型枠が壊れた時に作業中止していれば・・ 2022年1月18日 韓国の労災・安全衛生

サムソン物産の建設部門

1:29:300の法則。重大災害が1回起きる前に同じ原因で29回の小さな事故があり、300回の兆候があるというハインリッヒの法則だ。11日に発生した光州の現代産業開発アイパークマンションの崩壊事故もそうだった。今回崩れた201棟の崩壊の1ヵ月前、203棟でコンクリートの打設中にスラブが崩れる事故があった。また「事故の前に型枠がコンクリートの重さに耐えられず壊れた」という証言も出ている。

  もし、型枠が壊れてスラブが見えない時に、労働者が「作業中止」を叫び、現場の管理監督者が安全に必要な措置を確認していたらどうだっただろうか。

  2020年に施行された産業安全保健法の全面改正は、労働者の作業中止権を明文化した。改正前も、労災発生の急迫した危険がある場合は、労働者は作業を中止し、避難した後に、上級者に報告するようになっていたが、事業主が避難した労働者に不利益な処遇をしても制裁規定がなく、有名無実の条項だった。改正法は、別途の条文で、労働者の作業中止と緊急待避を明示し、これによる不利益処遇の禁止を明文化した。しかし、今でも有名無実なことは同じだ。

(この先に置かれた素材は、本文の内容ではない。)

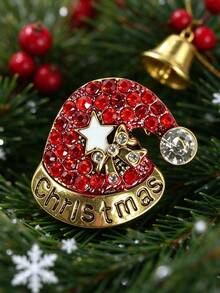 1 chiếc ghim cài mũ Noel cá nhân hóa cho nữ, phụ kiện ghim cài đính đá hình hoạt hình - Nhiều màu - Xem 3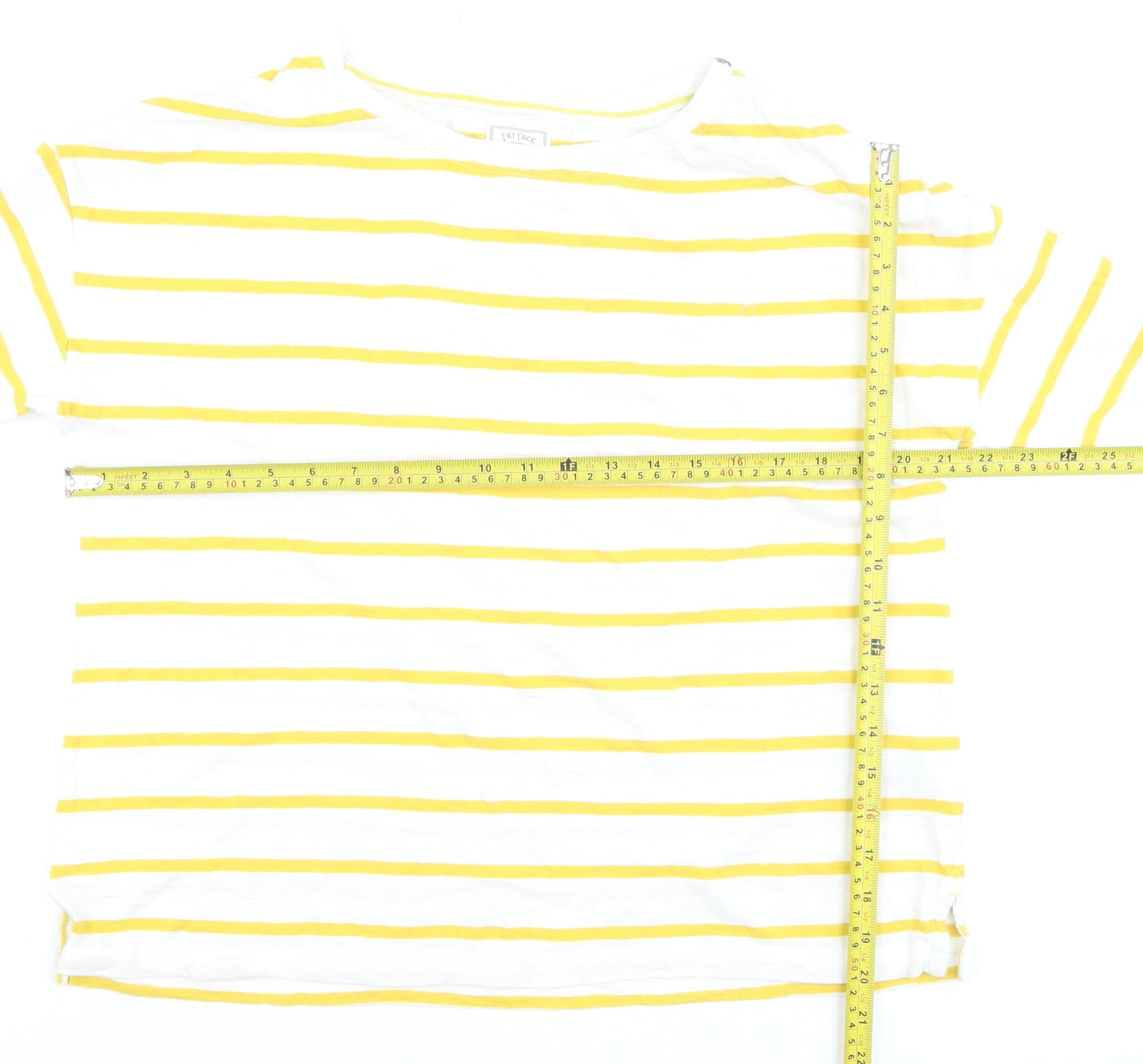 Fat Face Women's Yellow White Striped 3/4 Sleeve Cotton T-Shirt Size 12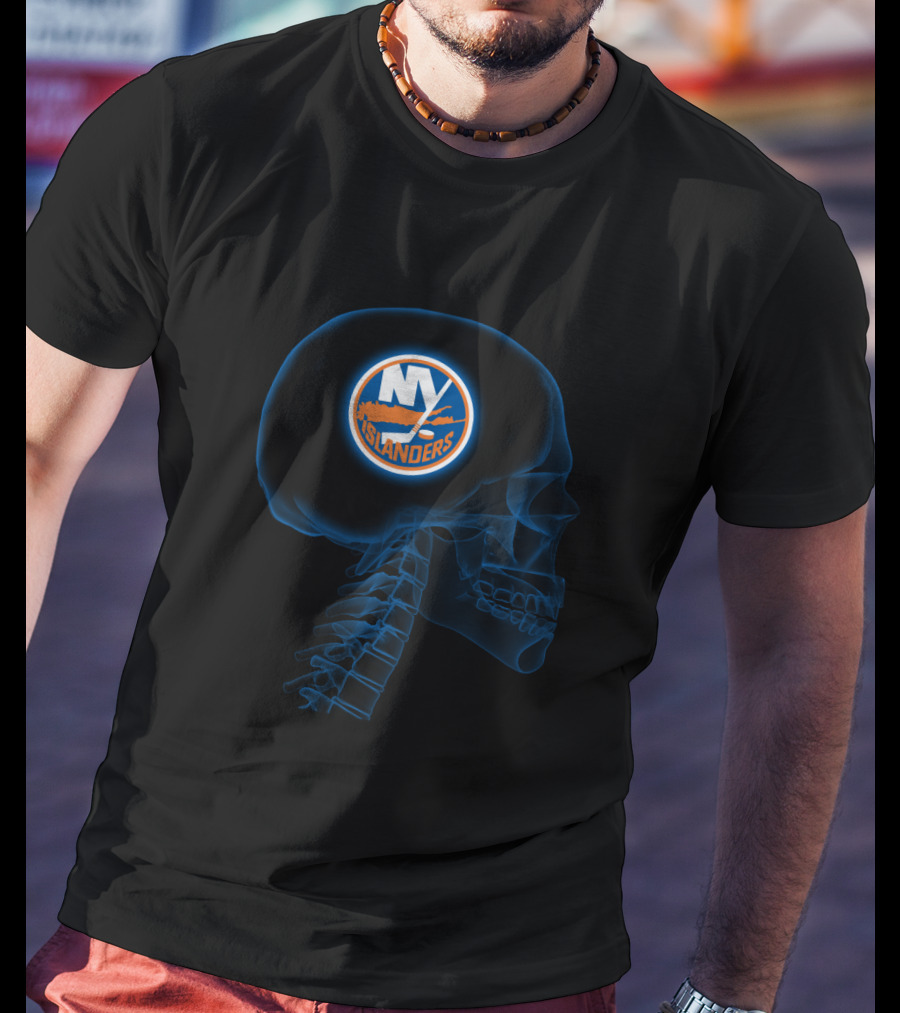 New York Islanders Logo Inside Skull Brain X-Ray T-Shirt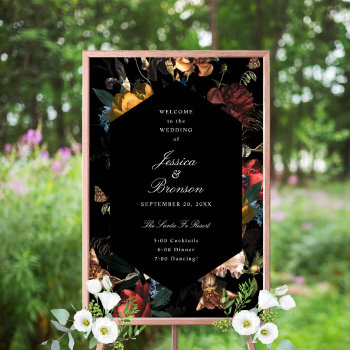 Dark Moody Romantic Floral Dutch Wedding Welcome Poster by beckynimoy at Zazzle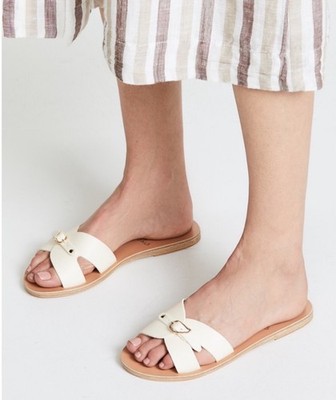 Ancient Greek Sandals Beige Gold Buckle Leather Flats Slides 38 Handmade Greece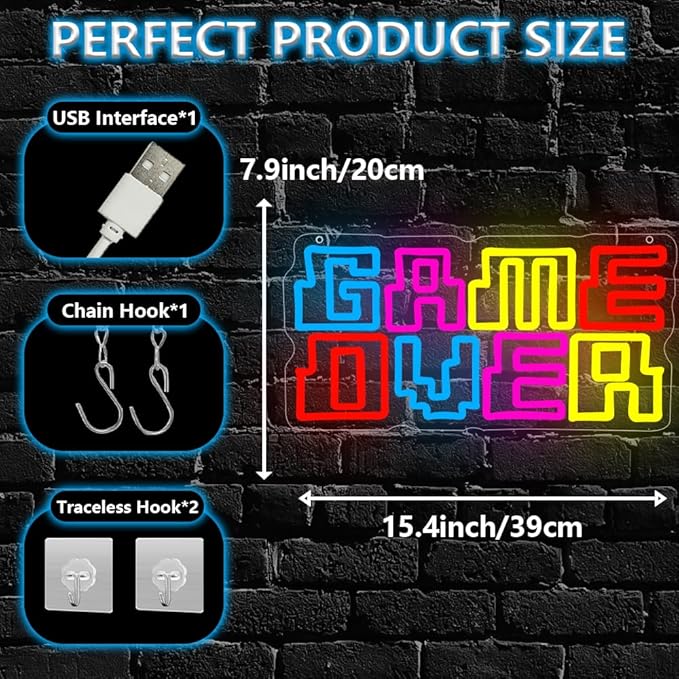 Game Room Neon Sign, Game Over Dimmable LED Light Signs - Image 3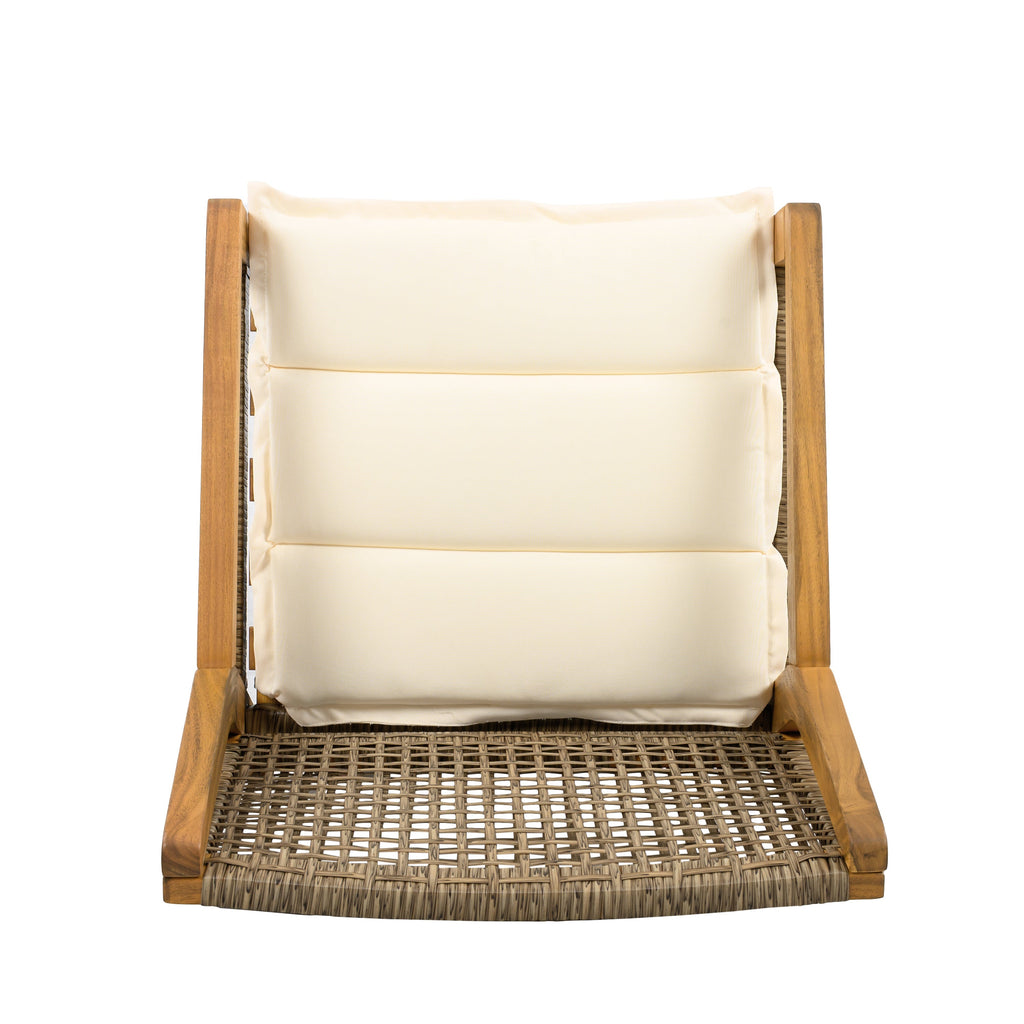 Capri Outdoor Acacia Wood & Wicker Dining Chairs with Cream Cushion, Set of 2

  「重大災害処罰等に関する法律」(重大災害処罰法)が施行されれば、変わる可能性もある。施行令の4条8項は、事業(場)に重大災害が発生する緊急な危険がある場合に備えて、作業中止や労働者の待避、危険要因の除去などの対応措置に関するマニュアルを作成し、一回以上点検するように義務付けた。

  労働者の作業中止権は法的に保障されているが、賃金損失や不利益待遇などの懸念のため、現場で差し迫った状況に置かれている労働者が「作業中止」を叫ぶのは、現実的に難しい。各企業が労働者の作業中止権をマニュアルにして、実際のように訓練して点検すれば、活性化する契機になる。

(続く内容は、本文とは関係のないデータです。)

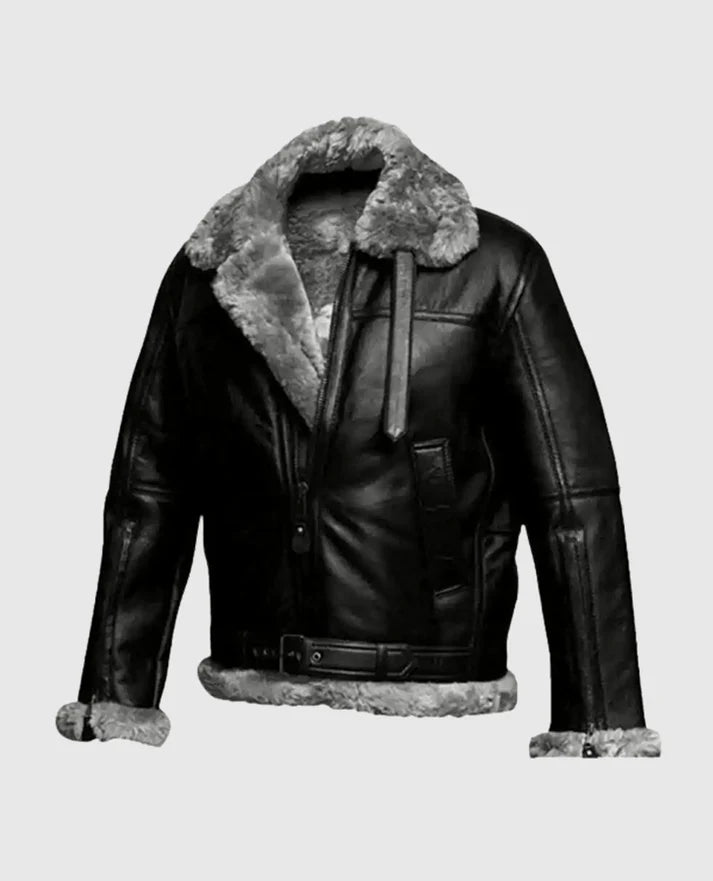 Men's Pilot FUR Aviator Flying Bomber Black Jacket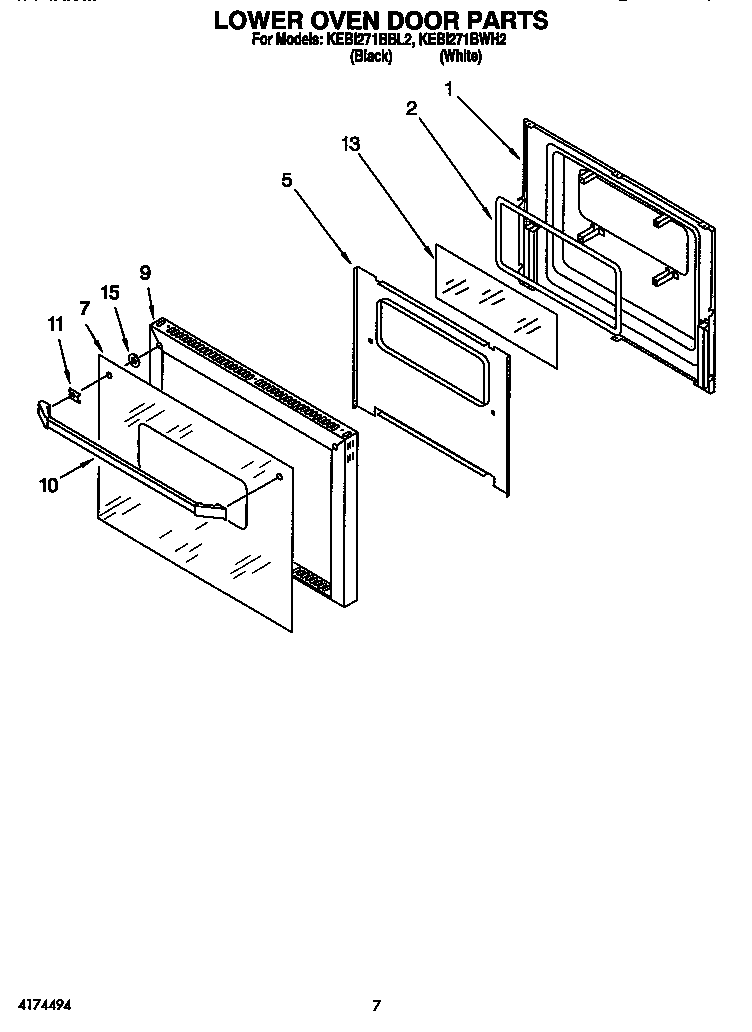 KitchenAid KEBI271BWH2 lower oven door diagram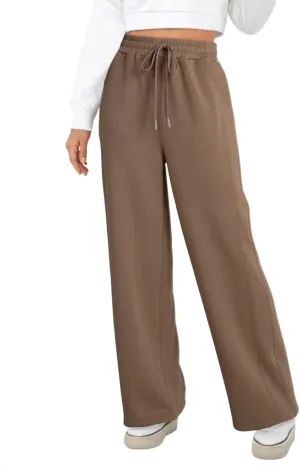 Dokotoo Women's Wide Leg Pants 2024 Flowy Casual Pants Straight Leg Elastic Waisted Stretch Palazzo Pants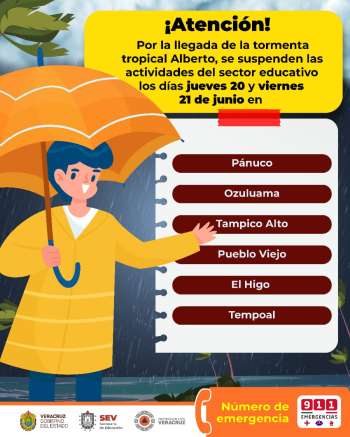 Suspende SEV clases en seis municipios del norte del estado por Tormenta Tropical “Alberto”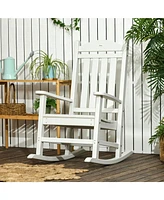 Outdoor Rocking Chair, All Weather-Resistant Hdpe Rocking Patio Chairs with Rustic High Back, Armrests, Oversized Seat and Slatted Backrest, 350lbs We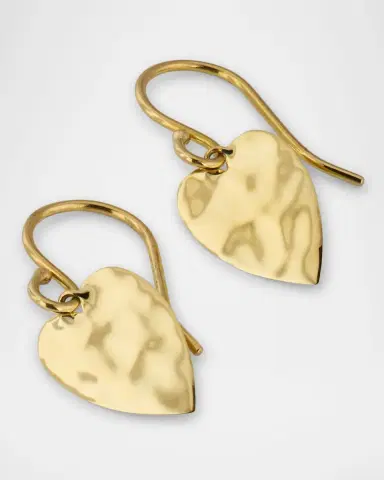Ippolita Classico Crinkle Mini Heart Shape Drop Earrings in 18K Gold | Thumbnail 2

  「労働者の作業中止権の全面保障」を宣言する企業が増えていることも注目される。サムソン物産は、昨年3月に労働者の作業中止権を保障して以来、月平均360件の作業中止権が発動され、このうち98%ほどで安全保健措置が取られていると発表した。サムソン物産は急迫した危険でなくても、労働者が安全でない状況だと判断すれば、作業中止権を積極的に使えるように保障している。ポスコと釜山エコデルタ・シティ事業団でも、昨年、「作業中止権の積極的保障」の方針を打ち出し、こうした流れに加わった。

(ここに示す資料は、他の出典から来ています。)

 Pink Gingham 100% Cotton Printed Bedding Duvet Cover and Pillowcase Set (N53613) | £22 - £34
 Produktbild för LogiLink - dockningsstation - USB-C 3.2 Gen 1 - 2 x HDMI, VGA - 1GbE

  しかし、多くの労働者にとっては、作業中止権の行使は依然として容易ではないのが現状だ。「差し迫った危険」が曖昧で、不利益な懲戒をされたり、訴訟に巻き込まれる可能性があるからだ。実際にソウル市議会が「労働者の作業中止権ガイドライン」を推進して失敗に終わったが、その理由は労使間の訴訟に拡がる可能性があるからだ。また、使用者が作業中止期間に賃金を支給しないという問題も提起された。専門家は「労働者の作業中止に伴う工事中断の損失を元請けや発注者が保障し、作業中止時に発生する休業手当の支給など、制度的な後押しが必要だ」と強調する。また「労働者が作業中に危険な状況が予想される場合、気軽に作業中止を要求できるように保障する文化の拡大が必要だ」と助言する。

  ソン・イクチャン弁護士は「重大災害処罰法施行令で、作業中止マニュアル作りと点検を義務付けている以上、企業は労働者の実質的な作業中止権を保障するための措置を実施すべきだ」とし、「雇用労働部も作業中止権が活性化するように、関連マニュアルを普及し、行政的な支援を惜しんではならない」と注文した。